Parmi les organisateurs en vue de cette manifestation, on retrouve Joël Rubinfeld, de la LBCA (Ligue belge contre l’antisémitisme), virulent pro-Israël (il qualifie la campagne BDS d’antisémite), ancien président du CCOJB (Comité consultatif des organisations juives de Belgique), co-fondateur de l’Atlantis Institute, un think tank néoconservateur… et qui fut membre et vice-président au début du Parti Populaire de Modrikamen, un gloubi boulga démagogique rapidement passé à l’extrême droite… À noter que Rubinfeld a dénoncé publiquement Chez Nous et appelé à les faire sortir par la police du cortège. Officiellement donc, et c’est une autre différence majeure avec le contexte français, l’extrême droite n’est pas la bienvenue.

Mais… dans le même message, Rubinfeld avait mis Ecolo, le PS et le PTB dans le même sac que l’extrême droite, avant de rétropédaler en affirmant que la manifestation devait être « citoyenne » et « pas politique ». Les drapeaux d’organisations y seront donc bannis par les organisateurs. Le PS et les Verts, tout en prenant leurs distances avec Rubinfeld, appellent à y aller et y seront représentés par leurs dirigeant·e·s. Le PTB n’ira pas, prétextant des attaques de Rubinfeld pour justifier son absence. Le MR laisse la liberté à ses membres d’y participer.

Participer le 10/12 aux côtés des Juif·ve·s progressistes

Face à cette tentative de dépolitisation de la lutte antiraciste, les Juif·ves de gauche, autour de l’UPJB (Union des Progressistes Juifs de Belgique), Een andere joodse stem, et Shabbes 24/7 ont lancé un appel commun (2)https://upjb.be/communique-lupjb-appelle-a-se-joindre-a-la-marche-nationale-contre-lantisemitisme/ à participer à la manifestation du 10/12 dans une perspective progressiste, antiraciste et internationaliste, qui refusent toute instrumentalisation. Ces organisations demandent du soutien pour faire exister d’autres voix, juives et aussi de gauche contre l’antisémitisme et tous les racismes. Elles précisent :

« Aujourd’hui comme hier, nous nous insurgeons contre la stratégie intentionnelle d’Israël et de ses soutiens inconditionnels d’associer antisémitisme et critiques de la politique coloniale de son gouvernement pour faire taire les voix solidaires avec le peuple palestinien. »

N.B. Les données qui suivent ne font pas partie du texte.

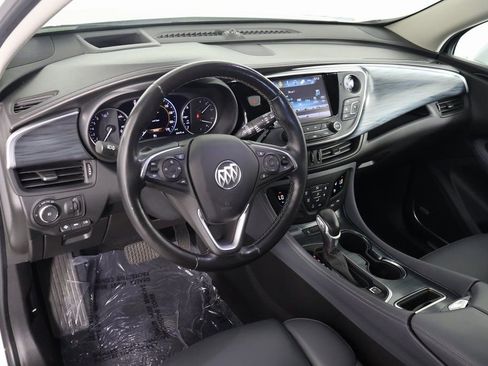 Used 2020 Buick Envision Premium w/ Driver Confidence Package image 7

Nous partageons l’opinion des organisations juives de gauche contre les théories mensongères et injurieuses affirmant ou sous-entendant que l’antisémitisme serait principalement un problème alimenté par la gauche et les musulman·e·s, en particulier dans le mouvement de solidarité avec la libération de la Palestine. Celles et ceux qui défendent ces théories sont de faux ami·e·s des Juif·ve·s et de toutes les personnes racisées et opprimées.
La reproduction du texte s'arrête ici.